Summary
The poem "Baugmaree" is from Dutt's Ancient Ballads and Legends of Hindustan (1882). It describes the various colors and plants that Dutt's speaker observes in her garden home, ranging from tamarinds to mangoes, to palms and seemuls, to bamboo and lotus plants. After listing the wide variety of plants in the garden that surrounds the home, Dutt's speaker mentions the intoxicating quality of the plants' beauty and suggests that the garden represents a type of "primeval Eden." This allusion to the Bible not only underscores the religious and spiritual significant that Dutt invests in nature, but also the importance of Christianity and Christian imagery to Dutt.
Analysis
In terms of its form, the poem is a formal Petrarchan sonnet, consisting of fourteen lines with an ABBAABBACDCDEE rhyme scheme. The enclosed rhyme structure of the poem indicates that each four-line section of the first eight lines (the octave) is devoted to developing a different theme, claim, or idea.
The first four lines, for example, reject our possible assumption that the garden is dominated by only one color: "A sea of foliage girds our garden round, / But not a sea of dull unvaried green, / Sharp contrasts of all colours here are seen; / The light-green graceful tamarinds abound."

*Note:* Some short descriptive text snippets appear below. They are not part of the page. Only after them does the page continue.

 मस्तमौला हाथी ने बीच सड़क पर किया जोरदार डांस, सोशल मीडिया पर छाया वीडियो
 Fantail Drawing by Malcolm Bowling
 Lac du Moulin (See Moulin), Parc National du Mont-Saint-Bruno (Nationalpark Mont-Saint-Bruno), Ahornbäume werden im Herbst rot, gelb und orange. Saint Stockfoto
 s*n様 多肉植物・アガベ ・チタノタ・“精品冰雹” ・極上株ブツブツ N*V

The next stanza then elaborates on this idea of diversity and, starting with the tamarind plants, goes on to describe the other plant life that is present in the garden.

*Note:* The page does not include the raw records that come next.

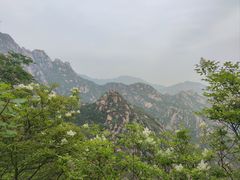 -北京凤凰岭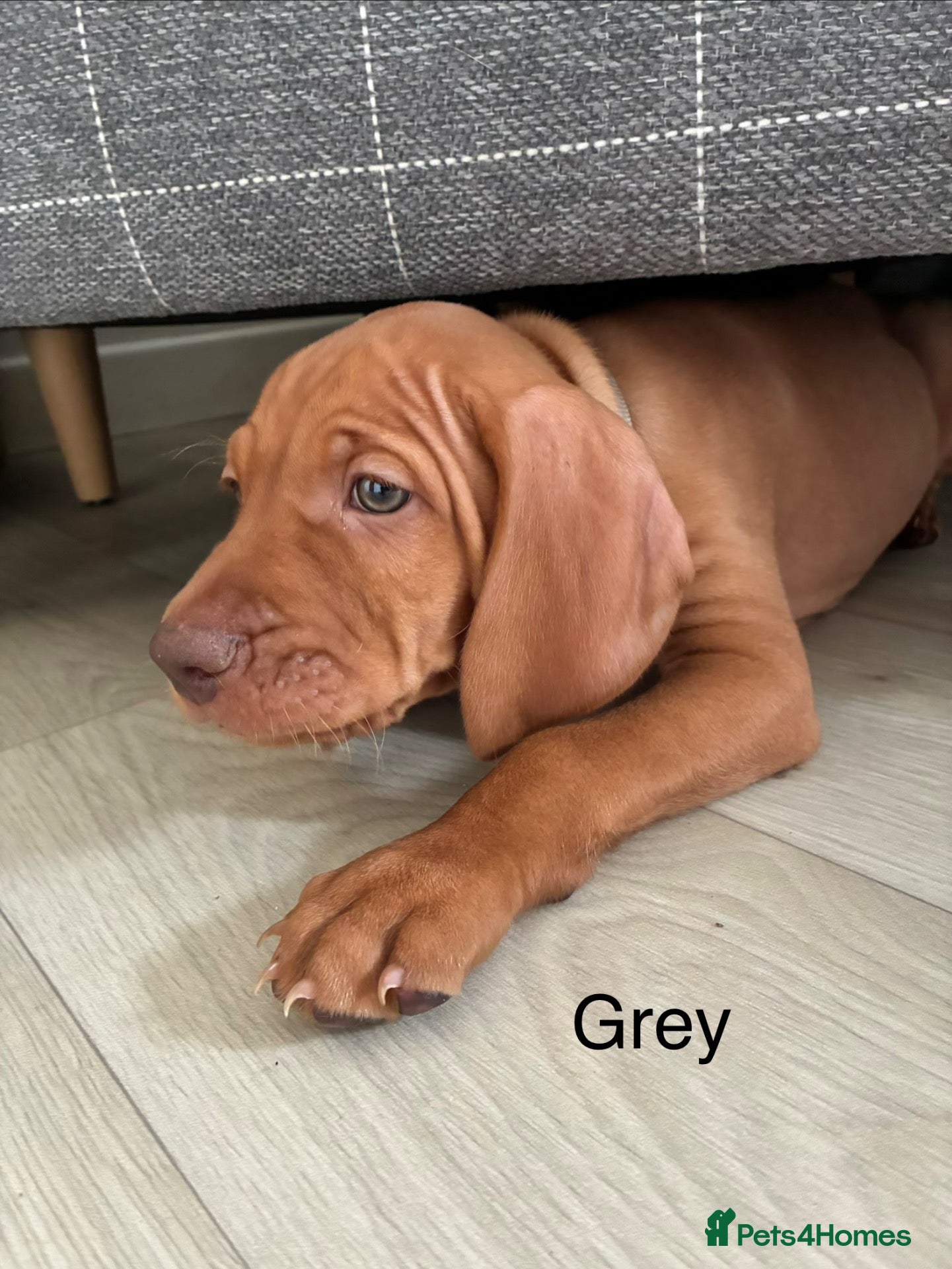 Hungarian Vizsla dogs  🤍REDUCED £1600 💙 - Advert 2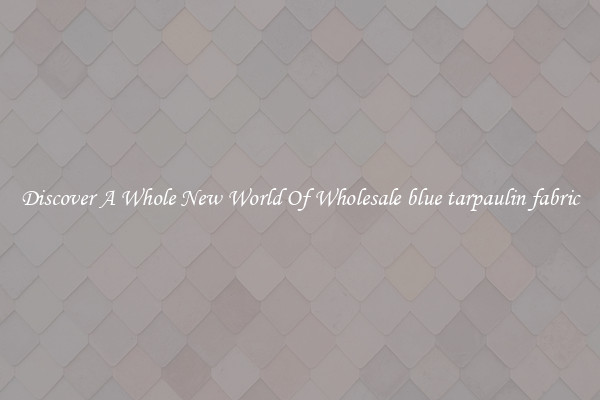 Discover A Whole New World Of Wholesale blue tarpaulin fabric
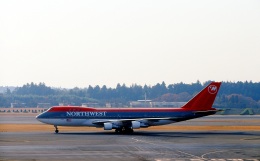 米購入　ノースウエスト航空　NW (現　デルタ航空DL)ベア　約19センチくらい アマレット】ノースウエスト航空～Northwest B747 A330 B757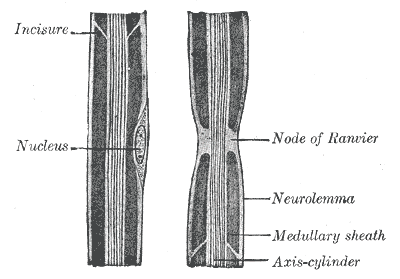 Noeud de Ranvier, retrécissement de la gaine de myéline autour de l'axone© Gray631, Wikimedia commons, domaine public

After the octave, which merely lists different kinds of beautiful plants that are present in the speaker's garden, a turn (or volta) occurs where the speaker then directs our attention to the prettiest of the garden's plants, the "bamboos to the eastward."
The speaker then comments on how the "white lotus changes / Into a cup of silver," a transformation that seems magic or fantastical to the speaker: "One might swoon / Drunken with beauty then, or gaze and gaze / On a primeval Eden, in amaze."
The poem is a simple lyric poem, one which seeks merely to describe the pleasure and beauty that the speaker finds in her garden home. It is organized in a way that effectively conveys the momentum and importance of various images through the sonnet form, and it uses more simple, vernacular English than the poems of Dutt's translations. Here, in "Baugmaree," we are thus not just brought into the private space of Dutt's garden home, but also into the private space of her internal reflections and meditations, one fascinated by nature where she seeks to use poetry to give voice to the world's natural beauty.